The more strategies you check off, the better your chances of getting full authorization. Feel free to check off all of the strategies listed even if you don’t initially plan on trading all of them.

Trading Experience 

Don’t be shy when answering this question, but honesty is the best policy. The more years you say you’ve been trading stock and options, the higher your trading level authorization will be.

Net Worth

Higher is better, but again honesty is always the best policy.

I only got approved for Level 1 or 2, but I want to trade spreads. What do I do?

Several of the trading platforms, including Think or Swim and OptionsExpress, allow you to do “paper trades” as a way to practice options trading using fake money.

Paper trading is a great way to increase your trading experience (and confidence!) so that you can reapply for a higher trading level than you were initially granted.

Read more about paper trading here.

How do I communicate with Jim Pearce and the other Systematic Wealth members?

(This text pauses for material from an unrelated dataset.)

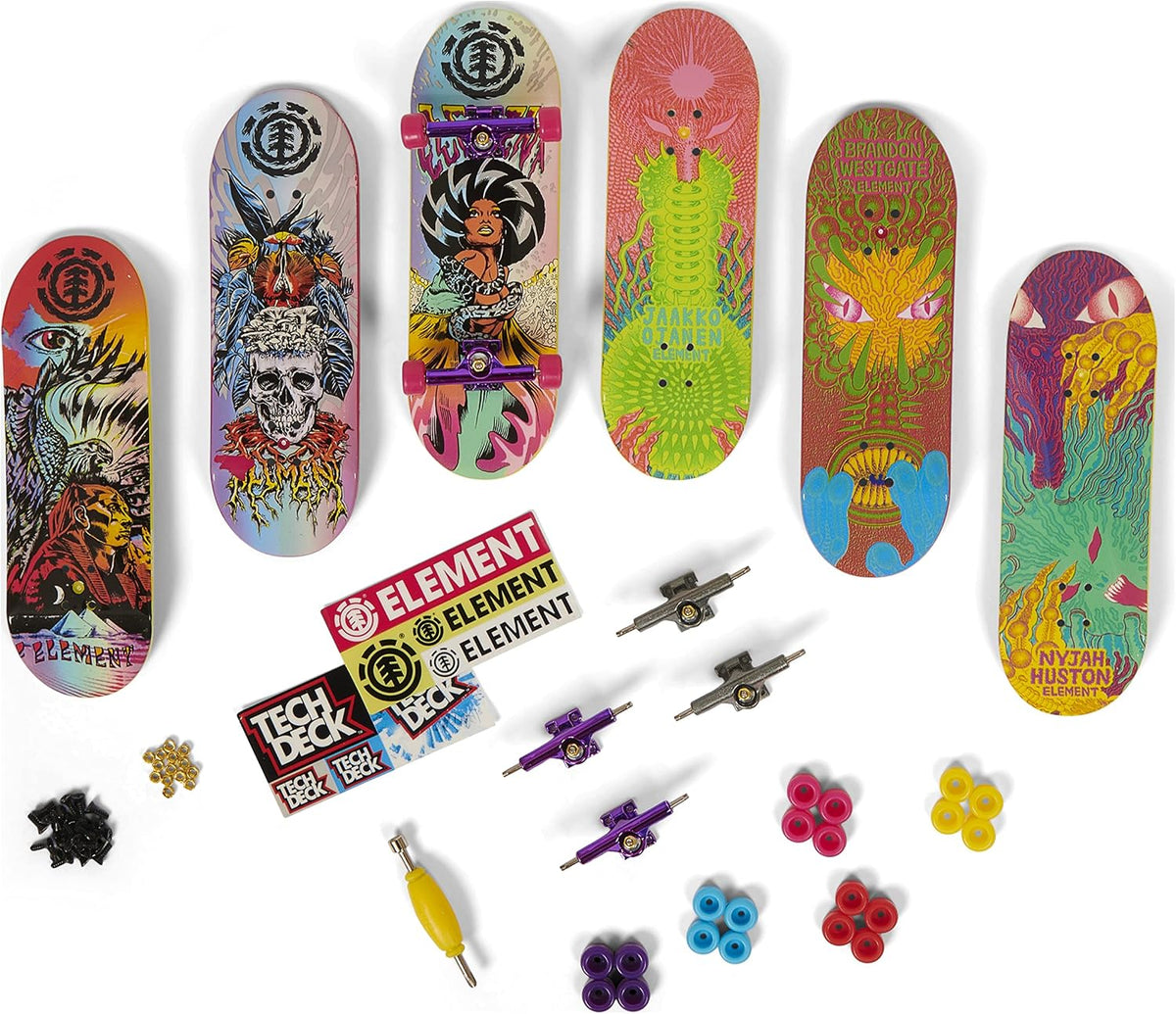 Tech Deck customizable mini skateboards with authentic brand graphics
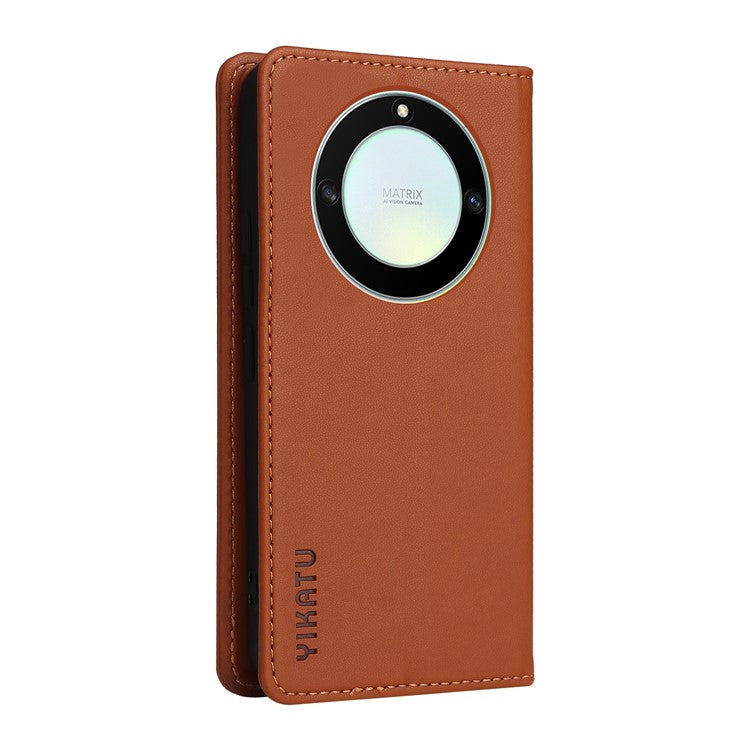 YIKATU YK-001 For Honor X40 5G / X9a 5G / Magic5 Lite 5G Cell Phone Case Magnetic Closing Leather Cover - Brown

As much as we would like to talk to each one of you individually, federal regulations prohibit subscription companies like Investing Daily from giving personalized investing advice – that’s something a licensed financial planner or stockbroker would do.

At Systematic Wealth, the best way to communicate with Jim Pearce and the other Systematic Wealth members is through the Stock Talk forum. This is where experienced and novice members come together to learn from each other and help each other out.

A Stock Talk posting form appears at the bottom of all website alerts and articles. If you have a question or comment pertaining to one particular alert or article, please post your question at the bottom of that alert or article.

If you have a question about trading in general, the answer can probably be found by searching using the white Search bar in the website’s upper right. If you don’t find your answer, the Forum lets you begin a discussion about a particular topic or join in other ongoing discussions.

Please be sure to read all of these “Frequently Asked Questions” before posting any questions. Many of the questions that novice traders have are already answered in the FAQs.